Sounds so lovely, but fish do not live on a farm, until now. Most of these fish are fed, yes, grains, and left in their own filthy tanks until the day the are killed for “harvest”. This not only affects the fish but also us when we consume it. Most farmed fish is high in fatty acids that are in disproportionate ratios as to what would be found in wild caught fish. These fatty acids when eaten can throw off our very own chemistry in turn setting us up for inflammation and disease. All of this because we’ve been told fish is good for us. Choose wild-caught when available or forgo.
All things are not created equal. Just because your oreo is organic doesn’t mean it is either good for you or comes from a socially conscious and environmentally sustainable business. Stick with organic in the produce section, meat and dairy section and you’ll save a pretty penny.
Just because food never reached 104degress doesn’t make it superior. In theory it sounds nice but the reality is many things that we now consume raw aren’t meant to be eaten that way and end up putting a heavy burden on the digestive tract. There are studies that even show cooking certain foods can making them even more bio-available by the body.
WORDS THAT HAVE MEANING
I know that if something carries this label, it carries a bit more weight.
While there are some tricky things here (grass finished vs. 100% grass fed), going this route is always the better option.
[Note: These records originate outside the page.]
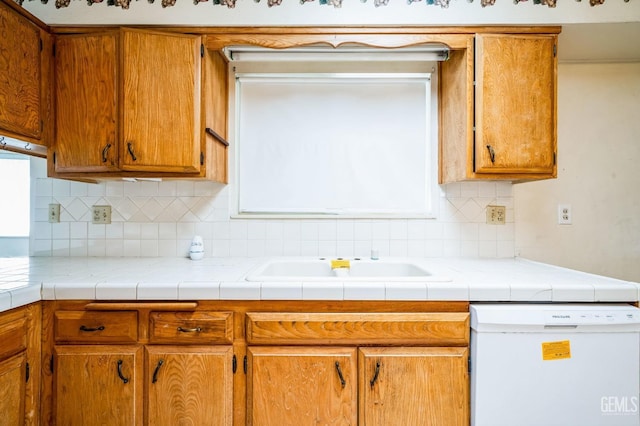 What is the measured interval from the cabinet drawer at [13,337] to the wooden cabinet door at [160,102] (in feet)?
2.38

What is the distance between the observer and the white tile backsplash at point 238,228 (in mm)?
1888

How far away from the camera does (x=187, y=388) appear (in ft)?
4.00

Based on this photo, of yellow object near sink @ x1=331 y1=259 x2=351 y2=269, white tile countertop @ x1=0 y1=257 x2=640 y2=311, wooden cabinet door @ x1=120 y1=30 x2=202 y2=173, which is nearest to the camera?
white tile countertop @ x1=0 y1=257 x2=640 y2=311

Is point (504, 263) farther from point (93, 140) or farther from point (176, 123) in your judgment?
point (93, 140)

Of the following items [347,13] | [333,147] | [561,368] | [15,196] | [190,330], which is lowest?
[561,368]

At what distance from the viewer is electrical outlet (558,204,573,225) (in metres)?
1.91

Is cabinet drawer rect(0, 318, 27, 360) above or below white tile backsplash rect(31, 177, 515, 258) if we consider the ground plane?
below

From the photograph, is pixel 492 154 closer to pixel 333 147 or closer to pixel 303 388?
pixel 333 147

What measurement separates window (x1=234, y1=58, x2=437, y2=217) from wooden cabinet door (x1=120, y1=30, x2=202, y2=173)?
39 cm

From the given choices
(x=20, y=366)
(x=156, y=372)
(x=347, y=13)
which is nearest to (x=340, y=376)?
(x=156, y=372)

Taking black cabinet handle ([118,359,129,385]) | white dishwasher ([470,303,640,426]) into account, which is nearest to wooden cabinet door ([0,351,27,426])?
black cabinet handle ([118,359,129,385])

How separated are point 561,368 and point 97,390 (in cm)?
170

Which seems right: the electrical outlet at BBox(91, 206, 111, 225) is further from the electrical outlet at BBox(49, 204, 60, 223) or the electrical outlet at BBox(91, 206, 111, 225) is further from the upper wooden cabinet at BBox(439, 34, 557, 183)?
the upper wooden cabinet at BBox(439, 34, 557, 183)

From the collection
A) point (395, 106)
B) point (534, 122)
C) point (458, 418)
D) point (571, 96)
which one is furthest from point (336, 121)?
point (458, 418) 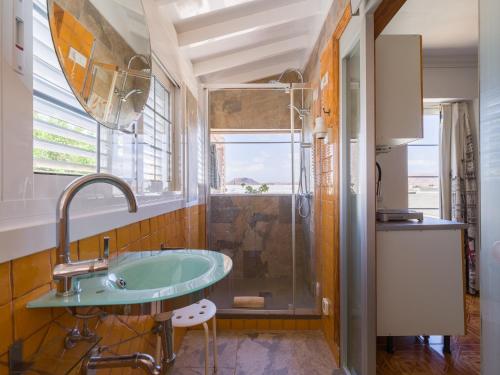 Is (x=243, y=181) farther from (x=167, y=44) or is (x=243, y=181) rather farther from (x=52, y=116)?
(x=52, y=116)

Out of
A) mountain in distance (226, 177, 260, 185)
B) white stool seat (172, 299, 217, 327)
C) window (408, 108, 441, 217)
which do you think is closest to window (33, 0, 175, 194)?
white stool seat (172, 299, 217, 327)

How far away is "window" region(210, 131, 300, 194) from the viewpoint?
3061 mm

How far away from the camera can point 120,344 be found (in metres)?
1.19

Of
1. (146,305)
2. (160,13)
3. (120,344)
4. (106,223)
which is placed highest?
(160,13)

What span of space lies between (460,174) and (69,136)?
3.52 m

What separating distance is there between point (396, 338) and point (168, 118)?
2.33 metres

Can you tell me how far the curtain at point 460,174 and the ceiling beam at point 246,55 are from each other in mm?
1861

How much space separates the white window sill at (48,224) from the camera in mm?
625

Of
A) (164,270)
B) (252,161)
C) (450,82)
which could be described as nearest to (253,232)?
(252,161)

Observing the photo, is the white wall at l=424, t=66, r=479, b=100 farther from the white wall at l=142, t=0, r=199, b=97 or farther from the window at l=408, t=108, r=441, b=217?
the white wall at l=142, t=0, r=199, b=97

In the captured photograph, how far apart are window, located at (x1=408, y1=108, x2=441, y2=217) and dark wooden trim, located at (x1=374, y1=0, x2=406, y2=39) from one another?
2.19m

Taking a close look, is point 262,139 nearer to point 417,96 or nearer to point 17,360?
point 417,96

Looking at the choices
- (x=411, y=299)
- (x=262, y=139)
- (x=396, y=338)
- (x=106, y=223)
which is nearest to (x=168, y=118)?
(x=106, y=223)

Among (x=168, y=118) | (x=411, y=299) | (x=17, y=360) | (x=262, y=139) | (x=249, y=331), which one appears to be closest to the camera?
(x=17, y=360)
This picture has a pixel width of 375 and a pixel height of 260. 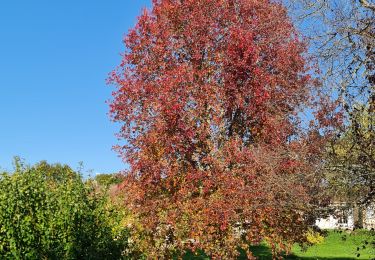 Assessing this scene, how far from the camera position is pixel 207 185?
19422mm

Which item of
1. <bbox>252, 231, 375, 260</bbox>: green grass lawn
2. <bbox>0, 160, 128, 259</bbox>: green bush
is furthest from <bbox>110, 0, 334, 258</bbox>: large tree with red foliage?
<bbox>252, 231, 375, 260</bbox>: green grass lawn

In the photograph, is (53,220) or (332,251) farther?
(332,251)

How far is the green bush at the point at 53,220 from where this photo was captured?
14867mm

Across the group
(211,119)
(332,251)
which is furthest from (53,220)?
(332,251)

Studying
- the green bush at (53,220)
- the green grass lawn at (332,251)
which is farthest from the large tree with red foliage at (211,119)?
the green grass lawn at (332,251)

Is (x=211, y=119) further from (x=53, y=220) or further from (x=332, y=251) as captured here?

The animals are treated sustainably rendering their composition more balanced and healthy for us to consume. If you want to know more about the potential effects on the body, go here.
If you’re in Dallas and looking for a local source of grass fed/grass finished beef contact me for options.
Whether its eggs, chicken or pork, this signifies that the animal was allowed to pasture (the true free range). Extra feed is only used if necessary and as a supplement to their insect and bug diet. Again, this is more sustainable and actually renders a smaller animal because they are not being force fed and are allowed to naturally exercise. Look for pastured at places such as Whole Foods and other natural foods market. If you’re in Dallas Urban Acres carries some great selections as well as Natural Grocer.
Back on the ‘good’ list. Is all organic best? maybe. Local and organic could be even better. For produce and meats it’s a great place to start.
Today I purchased organic strawberries over local ones, being that they are one of the ‘dirty dozen’. Typically I go local organic, then organic, then local (for more on food choice sign up for my free list to the right of this page —>) but free of pesticides means something to me and strawberries carry a heavy load if they aren’t organic. Be careful with organic meats. It simply means they were fed organic grain… which we know isn’t ideal, but it’s better than commercially raised.
Exercise caution. A CAFO (concentrated animal feeding operation) can be local to your area and market but doesn’t mean it’s good option for your health or the environment. Make sure you know where you food comes from locally and get in touch with your farmer at local markets.
There are definitely other terms commonly used to reel us in. The bottom line is to know where your food comes from and how it got to you. It’s not meant to be 100% perfect all the time. Simply start where you can, and purchase consciously, healthily. At the end of the day we are the ones funding the non-sustainable farming practices which in turn feed our health.